The Archive Index (ARX) file is always named index.arx
, and contains metadata for each TAJ file to efficiently keep track of what data is stored where. The benefits here are many-fold:
- Tweets can be stored in individual chunks in case the archive grows too large for a single disk
- Finished TAJ files can be compressed to save space, then individually decompressed later when you need to parse them
- Chronological access to the entire archive can quickly be accomplished by navigating the ARX to find the appropriate TAJ before parsing tweets
Note: For disk efficiency and chronological searching, Ornitholog's archive format is superb. However, its design makes it very tedious to further refine a query's search terms after collection, so it may be advisable to import the data into another format and index it for searching by keyword depending on your use-case.
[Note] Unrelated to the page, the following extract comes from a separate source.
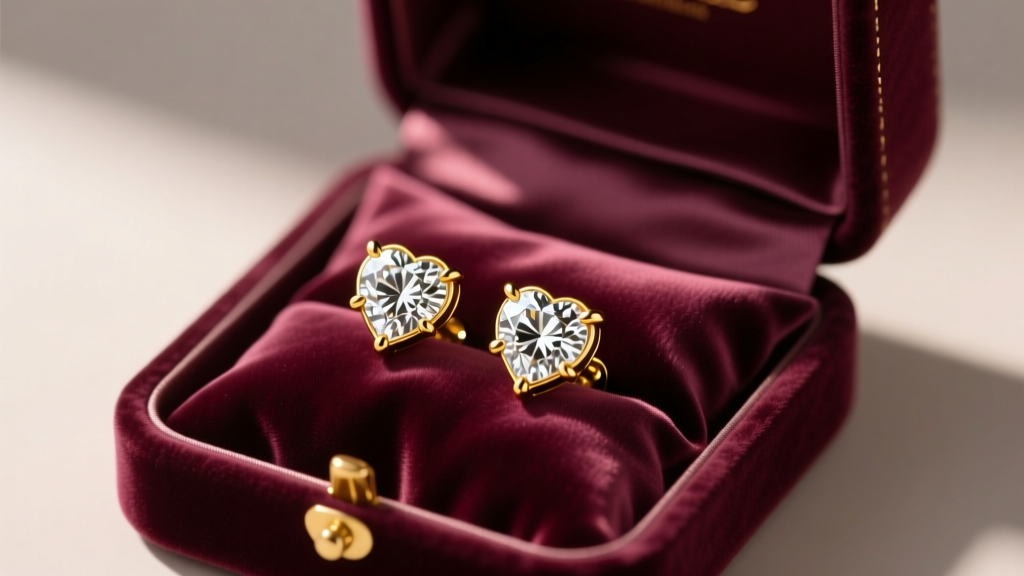 Elegant velvet box opened to reveal 18k yellow gold heart diamond stud earrings on a satin pillow, romantic dim lighting.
Ornitholog stores tweets as JSON-objects, one-per-line in Tweet Archive JSON (TAJ) files. There are two varieties of TAJ file:
Finished archives are named 'tweets-' + uuid4 + '.taj', where uuid4 is a unique hexadecimal identifier. Ornitholog does not need to edit these files anymore, and you can safely gzip them for long-term storage, or move them to another disk. (Be sure to move a copy of the ARX with them so that you can keep track of their ordering!) Tweets in a finished file are ordered new-to-old.
Unfinished archives are named 'new-tweets-' + uuid4 + '.taj', where uuid4 is a unique hexadecimal identifier. You can't compress this file, since Ornitholog will need to scan it to update the ARX, and will eventually need to read the entire thing to create a finished file from it. Tweets in the unfinished file are ordered old-to-new.
The reason for different ordering conventions in finished and unfinished files is to streamline later functionality, where Ornitholog will allow you to use the REST API to build finished archives further backwards in time and the Streaming API to collect tweets forward in time. Inserting into a finished file to fill the gaps may eventually be included, and would necessitate inserting a double line-break into the file wherever collection is interrupted to indicate possible missing tweets. Note that since the GET/Search function of the REST API only searches for tweets up to a week old, this functionality will necessarily be of limited utility except in capturing a recent event.
Ornitholog can export stored tweets to a GML file, which can be opened in Gephi (or the graph analytics software of your preference). To do this, use the exportgraph
command.
Note: Exporting the user-interaction graph requires the networkx
Python library to be installed.
The user-interaction graph is a network of users (nodes) connected by interactions (edges). Edges can be any combination of replies, mentions, retweets, and quote retweets. (The default option is just to consider replies.) Furthermore, the entire collection of tweets need not be used; Ornitholog can filter tweets by tweet ID range and POSIX date ranges (both options can be combined). For reference on building the user-interaction graph, try help exportgraph
in the Ornitholog shell.